Anyway, I'll open a pull request once I'm about done :)
ok, now I understand, and I agree with your solution. Doing:
for i in range(N):
panel_pivot = Panel[i]
CP = panel_pivot.CP
Wi_ = 0
for j in range(N):
panel = Panel[j]
Wn, Wi = panel.induced_velocity(CP)
AIC[i, j] = Wn # induced normal velocity by horshoe vortices
Wi_ += Wi # induced normal velocity by trailing vortices
Panel[i].accul_trail_ind_vel = Wi_
Panel[i].alpha_ind = np.arctan(abs(Wi_)/V) # induced AoA(rad)
self.AIC = AIC
is wrong, Wi
(induced velocity by trailing vortices, not total induced velocity by horshoe vortices btw) must be stored in a AIC_i
matrix as you have done, not summed with Wi_ += Wi
as I did. Later on with the np.matmul(self.AIC_i, gamma)

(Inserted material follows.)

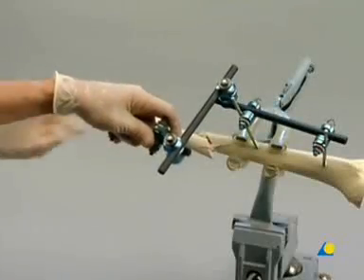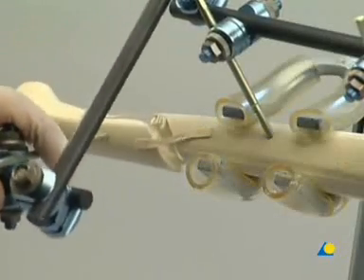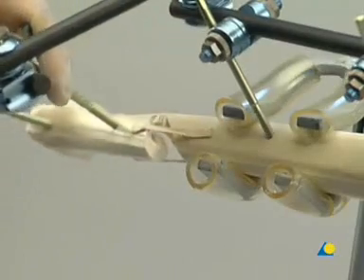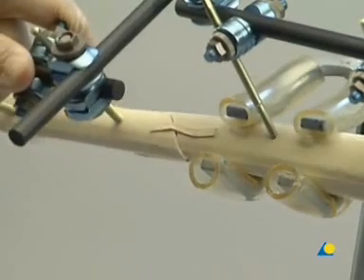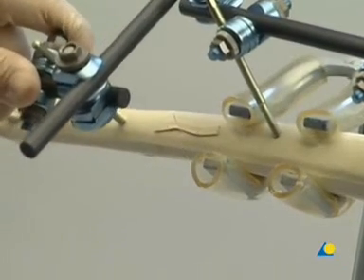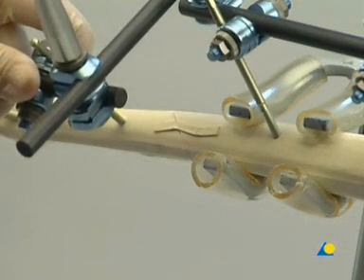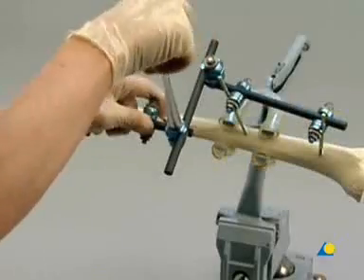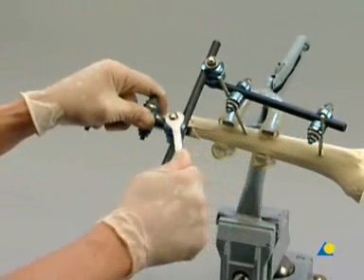The two partial frames are used as handles to reduce the fracture. Clinically, the reduction can be verified by gentle palpation, visually, or with image intensification. The reduction is maintained by hand while the nuts of the combination clamps are tightened alternately. Final tightening is done with the combination wrench.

operation we can finally have the total induced velocity by trailing vortices as required to compute the drag.
I think the first step must be to fix this drag calculation issue, later we can work on the induced AOA to improve the results.
https://github.com/aqreed/PyVLM/tree/release-0.0.2
@RogerWillemsen I have created a branch for the new release, you can see the changes made in the CHANGELOG
file. Please feel free to pull to it, dont forget to add your name to the AUTHORS
file if you want.
First of all, congratulations and thank you for the project. My aerodesign team is currently using it in it's low fidelity aircraft optimizer.
One problem we are having is that the VLM results for the inclination of the CL_alpha curve is being overestimated (by 10% or more), for both rectangular or trapezoidal wings, when compared to XFLR5 analysis.
Have you ever made a comparision for results of this code?